To a tea
Denmark’s Georg Jensen has a long and prestigious history that could be perceived as ‘stuffy’ and ‘dusty’ with its links to European royalty and heritage designs. Which is why CEO David Chu, who joined three years ago, has been on a roll in updating the brand’s image, collaborating with a coterie of renowned designers and architects, including Patricia Urquiola, Marc Newson, Zaha Hadid and now, with the Kusa tea set, Japanese architect Kengo Kuma.

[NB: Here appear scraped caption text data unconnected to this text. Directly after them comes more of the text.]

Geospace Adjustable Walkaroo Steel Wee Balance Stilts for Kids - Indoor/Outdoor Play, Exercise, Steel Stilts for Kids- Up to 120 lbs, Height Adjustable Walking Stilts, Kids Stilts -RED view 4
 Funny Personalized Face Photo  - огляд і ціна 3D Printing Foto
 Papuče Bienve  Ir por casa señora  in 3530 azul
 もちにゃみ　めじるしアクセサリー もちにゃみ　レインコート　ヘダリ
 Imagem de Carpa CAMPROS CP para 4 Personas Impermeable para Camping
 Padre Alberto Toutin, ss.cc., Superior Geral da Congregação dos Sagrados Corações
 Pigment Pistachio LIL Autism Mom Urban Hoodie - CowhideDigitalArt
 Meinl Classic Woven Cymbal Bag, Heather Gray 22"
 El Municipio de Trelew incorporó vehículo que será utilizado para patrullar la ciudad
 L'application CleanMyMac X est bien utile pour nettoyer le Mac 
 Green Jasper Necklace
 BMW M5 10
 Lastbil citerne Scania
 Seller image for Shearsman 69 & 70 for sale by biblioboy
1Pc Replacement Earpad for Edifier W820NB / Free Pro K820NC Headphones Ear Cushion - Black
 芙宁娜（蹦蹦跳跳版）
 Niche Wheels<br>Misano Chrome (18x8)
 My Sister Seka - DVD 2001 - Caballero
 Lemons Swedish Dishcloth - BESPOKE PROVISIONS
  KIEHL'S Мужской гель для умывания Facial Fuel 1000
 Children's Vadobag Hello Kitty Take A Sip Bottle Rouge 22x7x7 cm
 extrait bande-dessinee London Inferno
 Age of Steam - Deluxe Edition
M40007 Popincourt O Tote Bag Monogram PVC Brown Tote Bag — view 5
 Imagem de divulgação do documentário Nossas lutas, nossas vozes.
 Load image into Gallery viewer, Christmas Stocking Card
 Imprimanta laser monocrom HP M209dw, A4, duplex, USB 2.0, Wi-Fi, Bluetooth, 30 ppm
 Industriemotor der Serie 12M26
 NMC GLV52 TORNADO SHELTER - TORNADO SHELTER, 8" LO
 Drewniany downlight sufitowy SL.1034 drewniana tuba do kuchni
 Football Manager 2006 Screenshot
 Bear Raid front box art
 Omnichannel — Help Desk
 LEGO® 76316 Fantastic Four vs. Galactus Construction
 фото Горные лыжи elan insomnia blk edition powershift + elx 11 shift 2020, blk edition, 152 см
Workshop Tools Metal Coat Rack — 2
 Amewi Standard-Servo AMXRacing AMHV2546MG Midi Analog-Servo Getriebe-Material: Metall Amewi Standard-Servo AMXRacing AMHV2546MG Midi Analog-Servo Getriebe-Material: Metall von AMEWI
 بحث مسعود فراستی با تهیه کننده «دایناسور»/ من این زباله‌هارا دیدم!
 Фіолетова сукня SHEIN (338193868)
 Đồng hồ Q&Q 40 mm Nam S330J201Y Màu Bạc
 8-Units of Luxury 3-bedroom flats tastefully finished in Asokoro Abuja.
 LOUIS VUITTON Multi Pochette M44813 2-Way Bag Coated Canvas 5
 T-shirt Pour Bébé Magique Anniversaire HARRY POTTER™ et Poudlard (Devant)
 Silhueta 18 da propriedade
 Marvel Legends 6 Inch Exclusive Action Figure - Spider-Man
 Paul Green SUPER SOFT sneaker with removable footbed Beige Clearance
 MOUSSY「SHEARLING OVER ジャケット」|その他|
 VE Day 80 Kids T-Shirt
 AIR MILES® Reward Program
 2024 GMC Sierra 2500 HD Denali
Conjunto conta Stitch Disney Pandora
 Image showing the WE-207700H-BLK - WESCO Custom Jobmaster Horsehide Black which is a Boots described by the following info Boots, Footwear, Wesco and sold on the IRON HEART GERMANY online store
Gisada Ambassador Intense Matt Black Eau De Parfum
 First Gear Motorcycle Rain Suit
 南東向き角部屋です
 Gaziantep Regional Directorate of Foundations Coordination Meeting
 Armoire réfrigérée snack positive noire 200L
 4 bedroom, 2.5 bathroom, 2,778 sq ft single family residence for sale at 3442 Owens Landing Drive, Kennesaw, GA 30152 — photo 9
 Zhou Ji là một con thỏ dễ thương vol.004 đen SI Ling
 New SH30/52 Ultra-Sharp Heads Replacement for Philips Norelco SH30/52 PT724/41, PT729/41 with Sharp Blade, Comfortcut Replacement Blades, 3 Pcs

Known for his moody, contemplative designs, which include the hypnotic GC Prostho Museum Research Centre and the 2020 Tokyo Olympics stadium, it seemed natural for the collaboration to reference Japan. The tea set created is not for British brewing-and-dunking, but for the layered nuances of a Japanese tea ceremony, or sado. Named after the Japanese word for grass, the tea set consists of a cha-ire (tea caddy), chasen (whisk), chashaku (tea scoop) and a chawan (tea bowl) on a tray, all crafted from silver. The circular tray is made from hammered silver, while the cup, pot and base of whisk have a darker exterior of oxidised silver latticework that echoes the slender strands of bamboo used for the whisk. A contrasting mirror finish on the inside of the bowl and cup finishes off the look with a polished gleam.
Only 11 examples of the hand-made tea set will be produced, each priced at US$80,000 (S$109,576).